Re: [PATCH v4] srcu: Clarify comments on memory barrier "E"

From: Paul E. McKenney
Date: Tue Feb 07 2023 - 22:38:43 EST


On Sat, Jan 28, 2023 at 09:09:04PM -0800, Paul E. McKenney wrote:
> On Sat, Jan 28, 2023 at 04:16:34PM -0500, Joel Fernandes wrote:
> > On Sat, Jan 28, 2023 at 1:24 PM Paul E. McKenney <paulmck@xxxxxxxxxx> wrote:
> > >
> > > On Sat, Jan 28, 2023 at 03:59:01AM +0000, Joel Fernandes (Google) wrote:
> > > > During a flip, we have a full memory barrier before srcu_idx is incremented.
> > > >
> > > > The idea is we intend to order the first phase scan's read of lock
> > > > counters with the flipping of the index.
> > > >
> > > > However, such ordering is already enforced because of the
> > > > control-dependency between the 2 scans. We would be flipping the index
> > > > only if lock and unlock counts matched.
> > > >
> > > > But such match will not happen if there was a pending reader before the flip
> > > > in the first place (observation courtesy Mathieu Desnoyers).
> > > >
> > > > The litmus test below shows this:
> > > > (test courtesy Frederic Weisbecker, Changes for ctrldep by Boqun/me):
> > >
> > > Much better, thank you!
> > >
> > > I of course did the usual wordsmithing, as shown below. Does this
> > > version capture your intent and understanding?
> > >
> >
> > It looks good to me.
> > According to [1] , the architecture at least should not be reordering
> > read-write control dependency. Only read-read is problematic. But I am
> > not 100% sure, is that not true?
>
> Agreed, READ_ONCE() or stronger through condition to WRITE_ONCE()
> or stronger is ordered. Replace that WRITE_ONCE() with any type of
> unordered read and all bets are off.
>
> And now that the ARM folks chimed in, this is a solid guarantee at
> the hardware level.
>
> Not so much at the compiler level. Oddly enough, compilers do provide
> ordering for plain C-language stores, but that is helpful only if no
> other CPU or thread is concurrently accessing that variable.
>
> > For the compiler, you are saying that read-write control dependency
> > can be reordered even with *ONCE() accesses? In other words, the
> > flipping of idx can happen in ->po order before the locks and unlock
> > counts match? That sounds sort of like a broken compiler.
>
> One case where a sane compiler can reasonably enable the hardware to
> do the reordering is where you have the same WRITE_ONCE() in both the
> then-clause and else-clause of an "if" statement. Another is if it can
> somehow prove something about the value returned from that READ_ONCE(),
> for example, if that value is used to index a singleton array, then the
> compiler has to do the READ_ONCE(), but it can then assume that the
> value returned was zero, throwing away the real value returned.
>
> Fun with undefined behavior!
>
> > [1] https://lpc.events/event/7/contributions/821/attachments/598/1075/LPC_2020_--_Dependency_ordering.pdf
> >
> > More comments below:

Except that it was pointed out to me that the Co-developed-by tags also
need Signed-off-by tags. If there are no objections to the update shown
below, I will fix this on my next rebase.

Thanx, Paul

------------------------------------------------------------------------

commit 6c135bb38c55d354527a6659cbf2f4e7e20b4360
Author: Joel Fernandes (Google) <joel@xxxxxxxxxxxxxxxxx>
Date: Sat Jan 28 03:59:01 2023 +0000

srcu: Clarify comments on memory barrier "E"
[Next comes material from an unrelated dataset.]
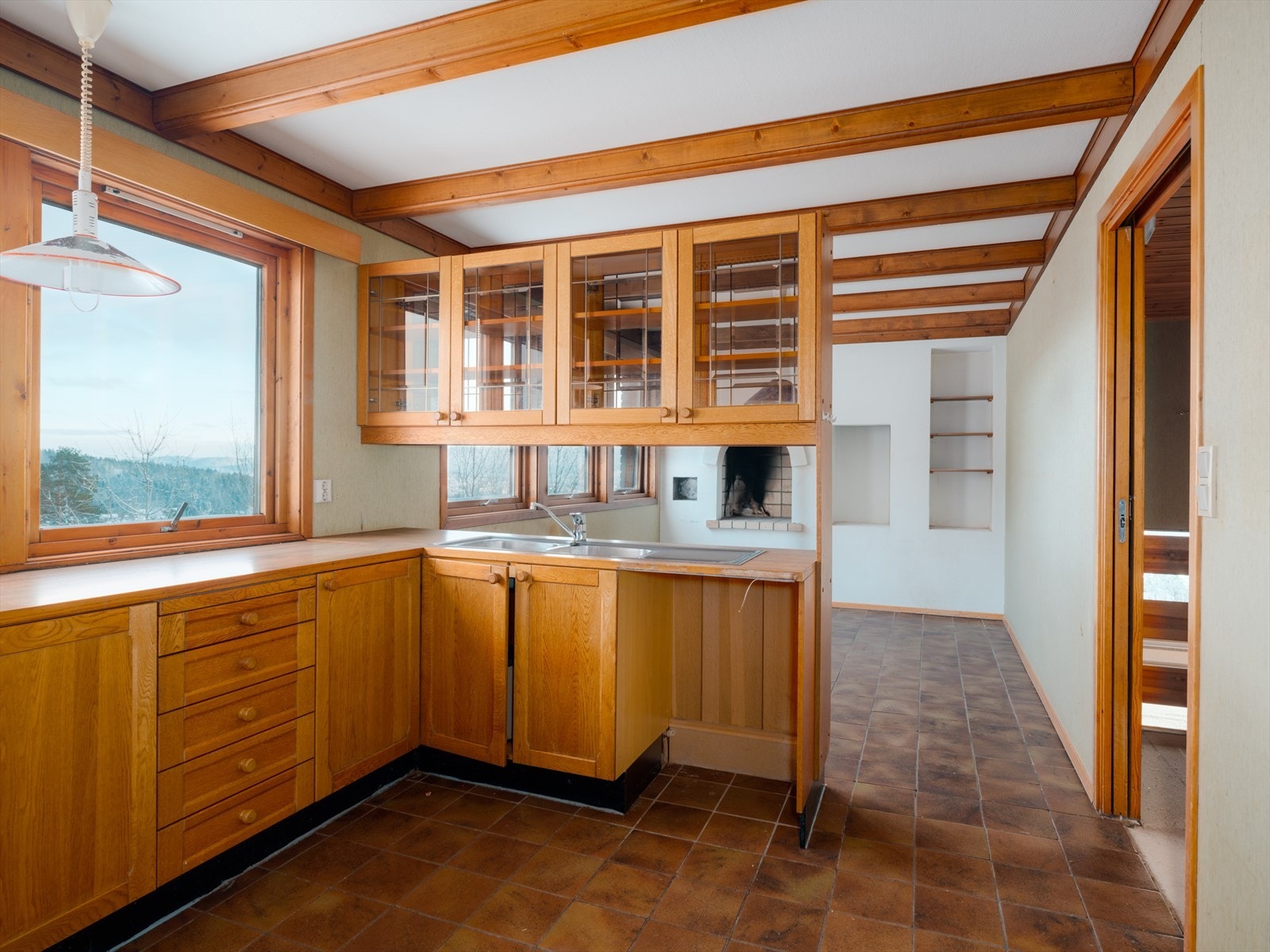 Stort kjøkken med spiseavdeling, åpen peis og langstrakt utsikt fra store vindusflater Galleribilde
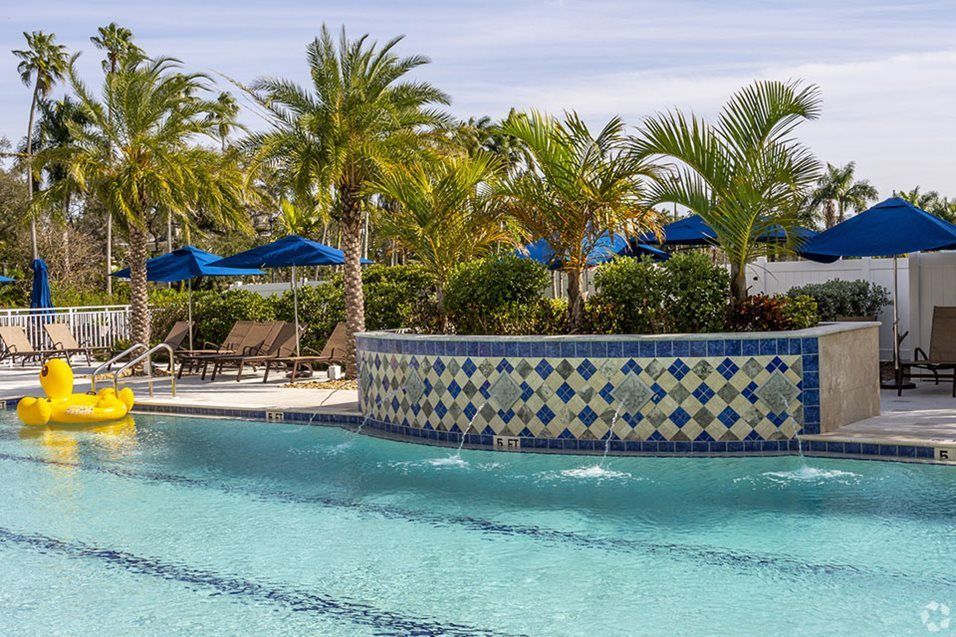 A tranquil view of a resort swimming pool surrounded by palm trees and blue umbrellas.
There is an smp_mb() named "E" in srcu_flip() immediately before the
increment (flip) of the srcu_struct structure's ->srcu_idx.

The purpose of E is to order the preceding scan's read of lock counters
against the flipping of the ->srcu_idx, in order to prevent new readers
from continuing to use the old ->srcu_idx value, which might needlessly
extend the grace period.

However, this ordering is already enforced because of the control
dependency between the preceding scan and the ->srcu_idx flip.
This control dependency exists because atomic_long_read() is used
to scan the counts, because WRITE_ONCE() is used to flip ->srcu_idx,
and because ->srcu_idx is not flipped until the ->srcu_lock_count[] and
->srcu_unlock_count[] counts match. And such a match cannot happen when
there is an in-flight reader that started before the flip (observation
courtesy Mathieu Desnoyers).

The litmus test below (courtesy of Frederic Weisbecker, with changes
for ctrldep by Boqun and Joel) shows this:

C srcu
(*
* bad condition: P0's first scan (SCAN1) saw P1's idx=0 LOCK count inc, though P1 saw flip.
*
* So basically, the ->po ordering on both P0 and P1 is enforced via ->ppo
* (control deps) on both sides, and both P0 and P1 are interconnected by ->rf
* relations. Combining the ->ppo with ->rf, a cycle is impossible.
*)

{}

// updater
P0(int *IDX, int *LOCK0, int *UNLOCK0, int *LOCK1, int *UNLOCK1)
{
int lock1;
int unlock1;
int lock0;
int unlock0;

// SCAN1
unlock1 = READ_ONCE(*UNLOCK1);
smp_mb(); // A
lock1 = READ_ONCE(*LOCK1);

// FLIP
if (lock1 == unlock1) { // Control dep
smp_mb(); // E // Remove E and still passes.
WRITE_ONCE(*IDX, 1);
smp_mb(); // D

// SCAN2
unlock0 = READ_ONCE(*UNLOCK0);
smp_mb(); // A
lock0 = READ_ONCE(*LOCK0);
}
}

// reader
P1(int *IDX, int *LOCK0, int *UNLOCK0, int *LOCK1, int *UNLOCK1)
{
int tmp;
int idx1;
int idx2;

// 1st reader
idx1 = READ_ONCE(*IDX);
if (idx1 == 0) { // Control dep
tmp = READ_ONCE(*LOCK0);
WRITE_ONCE(*LOCK0, tmp + 1);
smp_mb(); /* B and C */
tmp = READ_ONCE(*UNLOCK0);
WRITE_ONCE(*UNLOCK0, tmp + 1);
} else {
tmp = READ_ONCE(*LOCK1);
WRITE_ONCE(*LOCK1, tmp + 1);
smp_mb(); /* B and C */
tmp = READ_ONCE(*UNLOCK1);
WRITE_ONCE(*UNLOCK1, tmp + 1);
}
}

exists (0:lock1=1 /\ 1:idx1=1)

More complicated litmus tests with multiple SRCU readers also show that
memory barrier E is not needed.

This commit therefore clarifies the comment on memory barrier E.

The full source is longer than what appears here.